WHAT IS REQUIRED
Apart from the pictures, write out all the records exactly.

DATA FOR THE TASK
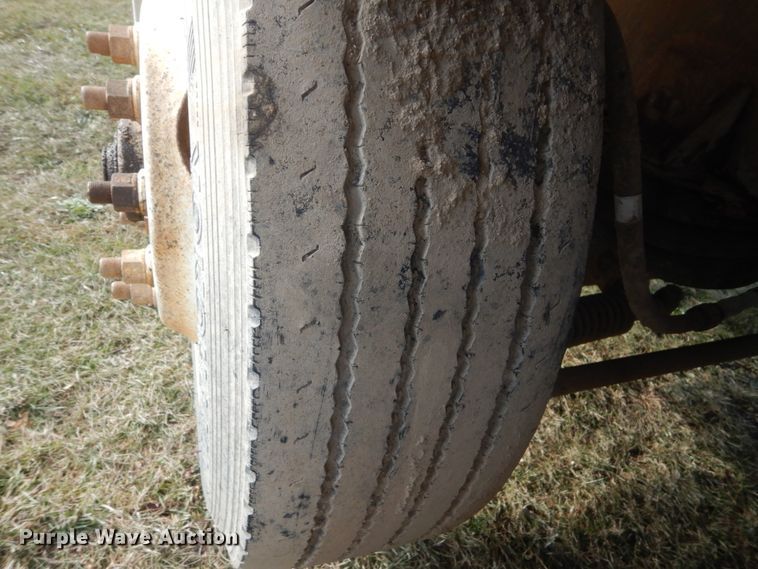 image for item HS9411 1999 International Paystar 5000  ready mix truck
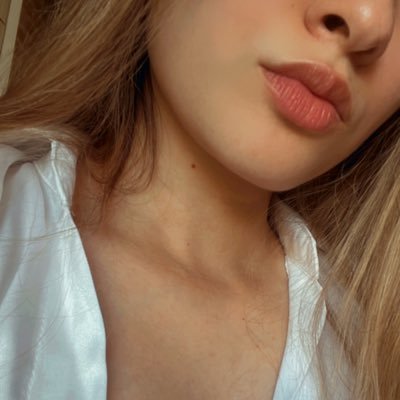 DanielaRengif20's profile picture. Tener la valentía de no saber y dejarlo ser 🌻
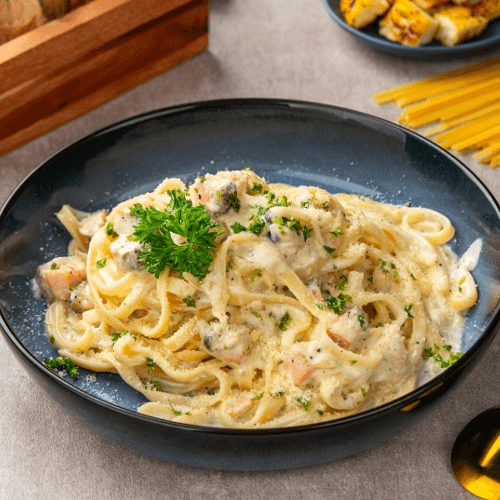 Fettuccine Alfredo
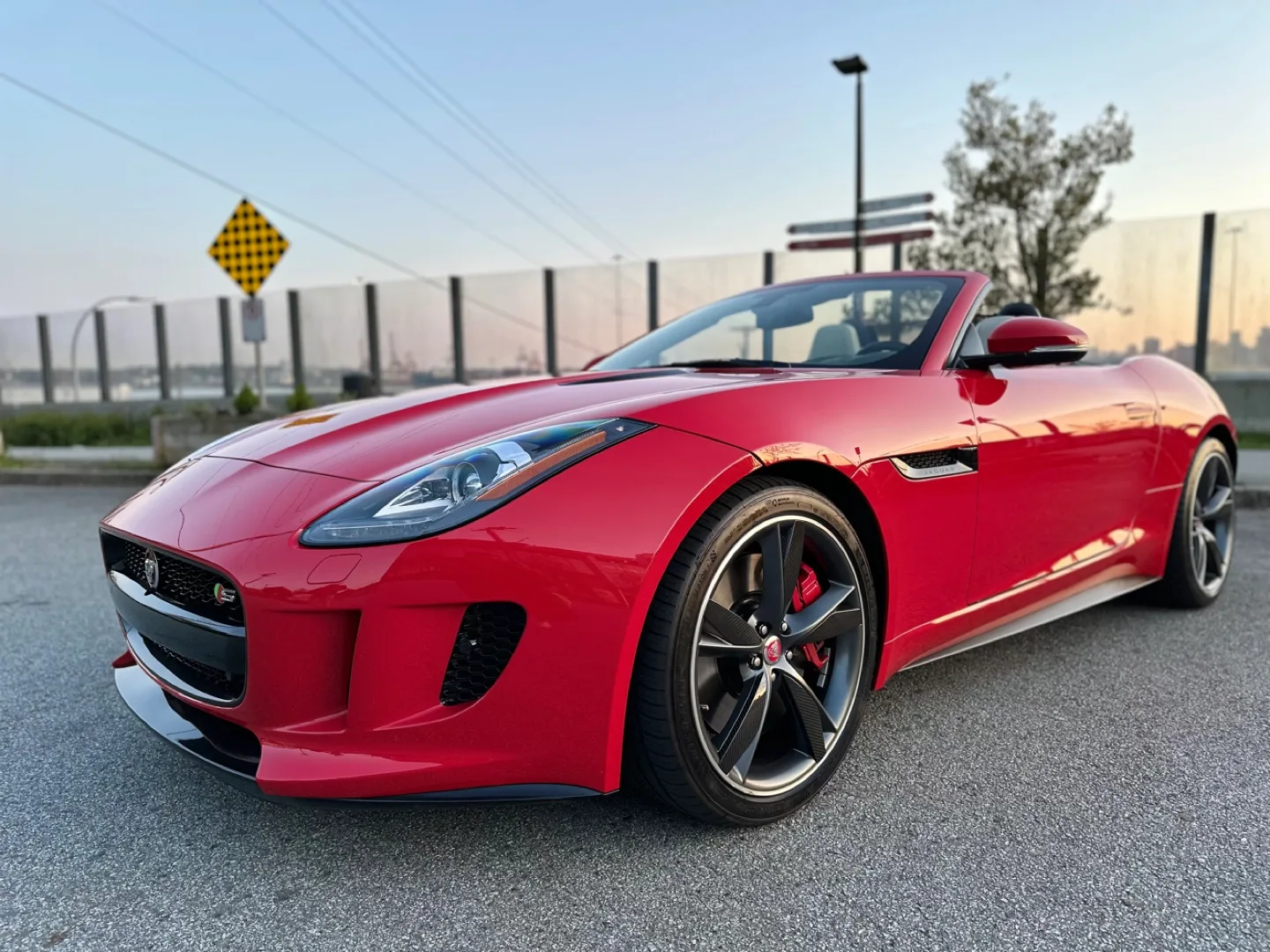 2015 Jaguar F-Type V8 S thumbnail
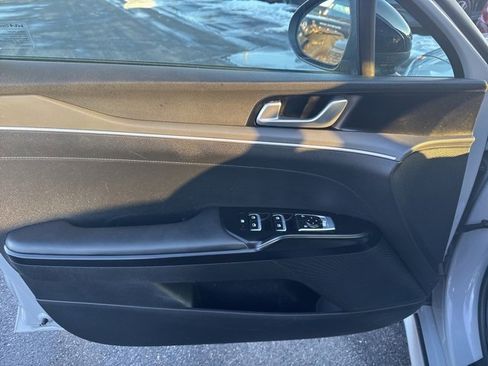 Used 2023 Kia K5 GT-Line w/ GT-Line Premium Package image 14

FINAL ANSWER
 image for item HS9411 1999 International Paystar 5000  ready mix truck
 DanielaRengif20's profile picture. Tener la valentía de no saber y dejarlo ser 🌻
 Fettuccine Alfredo
 2015 Jaguar F-Type V8 S thumbnail
 Used 2023 Kia K5 GT-Line w/ GT-Line Premium Package image 14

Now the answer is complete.